Now researchers at the Fred Hutchinson Cancer Research Center have shed new light on BV by using genetic-sequencing technology to detect several new bacterial species -- enough to almost double the number of known strains associated with the infection.
....."Numerous bacterial genera identified in this study have not, to our knowledge, been previously detected in the vaginal milieu with the use of cultivation methods," researchers said.
Bacterial vaginosis, also known more colorfully as Gardnerella (after a man named Gardner who identified a bacteria in the 1950's that was thought to be the cause of the infection), is common and can at times be difficult to eradicate. It isn't so much an infection that is "caught" from someone else as it is a bacterial coup de'tat. Events conspire within the vaginal environment to allow bacteria normally in the minority to overwhelm the vaginal flora. So much so, that one of the ways we diagnose the infection is by identifying vaginal cells under the microscope that are covered with bacteria clinging to their surfaces.The events that make the coup possible are often things that change the alkalinity of the vagina - things like hormonal changes, the presence of semen, diet, douching, and other factors yet unrealized.

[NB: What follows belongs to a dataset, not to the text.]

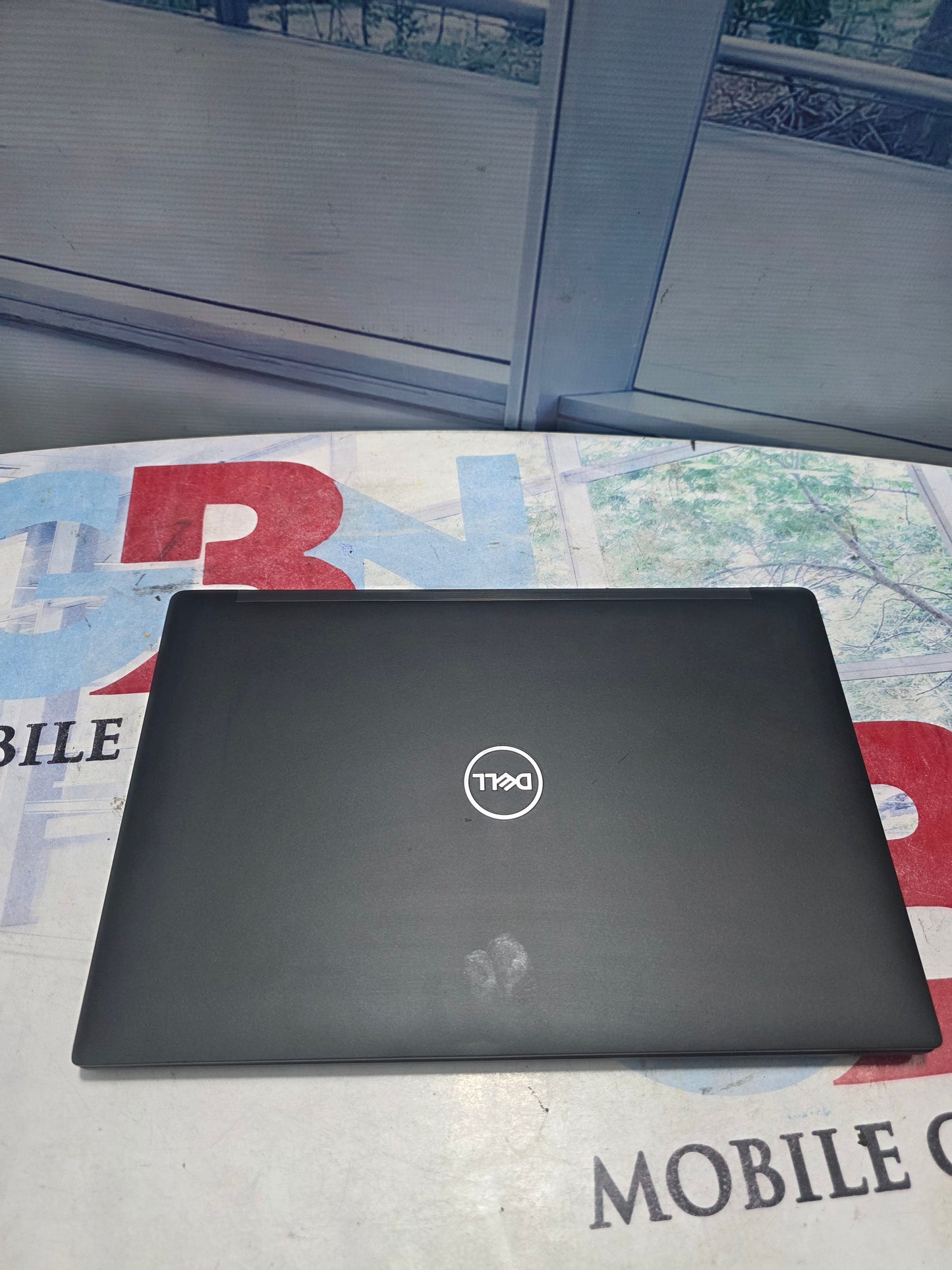 Best UK Used Laptops for Students in Lagos,uk used laptop prices in Nigeria,Dell Latitude 7490 - 8th Gen. Intel Core i7 - 256GB SSD - 8GB RAM - Keyboard Light 4G Total graphic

It's odd that such a common infection in such a small pocket of the body is yet so little understood. But a paper in this week's New England Journal of Medicinesheds some more light in its dark corners. Researchers found the new species of bacteria by finding their DNA in the vaginal fluids of afflicted women. Using polymerase chain reactions and fluorescence in situ hybridization, they were able to identify bacteria that would be difficult to identify by traditional methods, such as coaxing them to grow in a petri dish and identifying them by sight under a microscope.
And what a variety they identified. And what exotic names. In addition to the expected lactobacilli and Gardnerella vaginalis, there were Atopobium vaginae, Leptotrichia amnionii, Sneathia sanguinegens, Porphyromonas asaccharolytica, and a "bacterium distantly related to Eggerthella hongkongensis." The vaginal tract must be a microbiologist's dream.

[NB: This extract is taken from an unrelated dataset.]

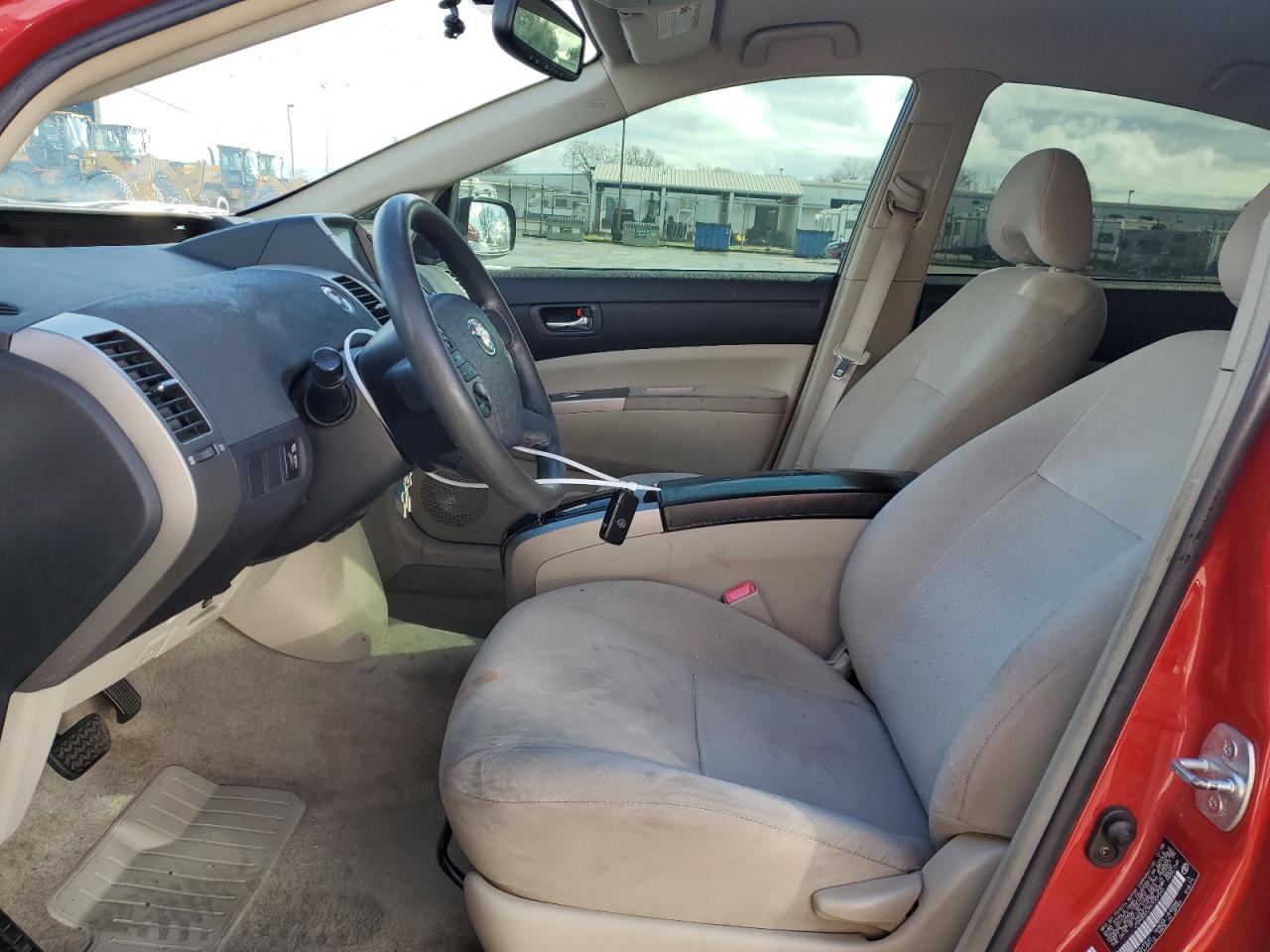 2006 Toyota Prius - Image 7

Most interestingly, however, was the identification of three as yet never known members of the Clostridium family (technically it's a phylum, not a family, but you get the idea. They're related.) The Clostridia have already have a reputation as an opportunistic clan. It's a Clostridium that's responsible for C. diff colitis, a Clostridium that's responsible for gas gangrene, a Clostridium that's responsible for botulism, and a Clostridium that's responsible for tetanus. They can be nasty brutes. Luckily, the members of the family that dwell in the reproductive tract are tame by comparison.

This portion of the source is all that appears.